Glioblastomas (GBM) are an exceptionally aggressive class of brain cancer.  Unfortunately, it is also the main type of primary tumor that patients suffering from brain cancer will encounter.  GBM is not only extremely proliferative but it is genomically and phenotypically heterogeneous.  The diversity of subgroups within a GBM makes therapy difficult and consequently, there are few therapeutic and diagnostic tools that can be used to combat the disease.  In this internship, the intern will participate in finding such new tools by screening promising drugs against glioblastoma cell cultures of human origin.  Once we have identified the leaders, we will then validate them in preclinical models of human GBM.  In addition to finding chemotherapeutic targets against GBM the intern will also explore the feasibility of combating GBM with a novel, physico-chemical therapy that recently received approval for clinical use from the Food and Drug Administration (FDA), namely the application of exogenous, alternating fields or Tumor Treating Fields (TTFields).  Part of the internship will involve the exploration of TTField therapy in combination with novel chemotherapies against GBM.

                  The internship will expose the individual to a number of techniques that are relevant and necessary for the fields of biomedical and molecular imaging research.  Since, GBM lines grow as suspension cell cultures (i.e. the cells float and grow in liquid suspension as opposed to sticking to the bottom of the plate); the intern will learn both adherent and 3-dimensional cell cultures for several glioblastoma lines.  To monitor the therapeutic impact of our screened drugs, standardized bioassays for cellular activity (cell counts, alamar blue and MTT proliferation assays, neurospheres size distribution, bioluminescence activity) will be introduced and mastered.  The intern will familiarize herself/himself with standardized equipment for the application of alternating electric fields on glioma-derived cell cultures.  If time permits, the intern will be shown the fundamentals of preclinical model development.  The models will then be employed to validate drugs that have passed the initial screen from cellular culture. Such investigations will also introduce the intern to established bioluminescence assays of cancer cell growth and development.  

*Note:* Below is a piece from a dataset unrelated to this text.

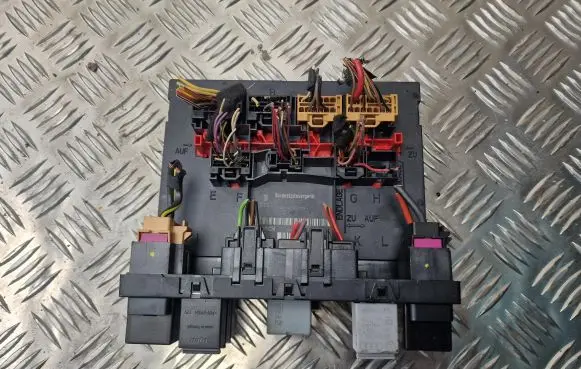 Volkswagen PASSAT B6 Comfort/convenience module 3C8937049E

Faculty Mentor: Sanjiv Sam Gambhir, MD, PhD
Internship Mentor: Sharon Hori, PhD

Internship Positions: 1 position available, Undergraduates only
Type of Laboratory Research: Mixture of wet and dry lab

Most cancers can be more effectively treated if they are discovered early. Dr. Hori is studying the detectability of early-stage cancers using secreted cancer-specific biomarkers – proteins or molecules released from cancer cells into the blood. The purpose of this internship is to develop and study novel strategies to detect small, early-stage cancers from a routine blood sample. This involves learning and conducting wetlab experiments in molecular and cell biology, with the option to integrate experimental data with computational modeling techniques to study the relationship between a growing tumor and the amount of biomarker it secretes.

The internship applicant should be a highly-motivated undergraduate with a basic background in molecular/cellular biology and/or mathematics (single-variable calculus required), and have a strong desire to learn and integrate biological and computational modeling techniques. Computer programming and mathematical modeling skills are preferred but not required. The intern will have the opportunity to learn how to culture cancer cells, treat cancer cells with chemotherapeutic drugs, perform assays to assess cell viability and measure secreted biomarker levels, image cells using fluorescence and bioluminescence techniques, develop basic mathematical/computational models for tumor growth and biomarker secretion, and/or use mathematical modeling approaches to study or make predictions about cancer state. This summer internship will provide a unique opportunity to gain hands-on experience in biological and computational research, and is ideal for students interested in molecular/cellular biology, cancer research, medicine, computational and systems biology, biomedical engineering and related fields. Minimum 40 hr/week required.


Faculty Mentor: Sanjiv Sam Gambhir, MD, PhD
Internship Mentor:  Arut Natarajan, PhD

Internship Positions: 2 positions available, Undergraduates only
Type of Laboratory Research: Wet lab

Our goal is to select, develop, and optimize protein binders to target immune check points/cancer biomarkers from the FN3 protein library. The best pM candidate binder will be further studied for pre-clinical imaging and translational research. 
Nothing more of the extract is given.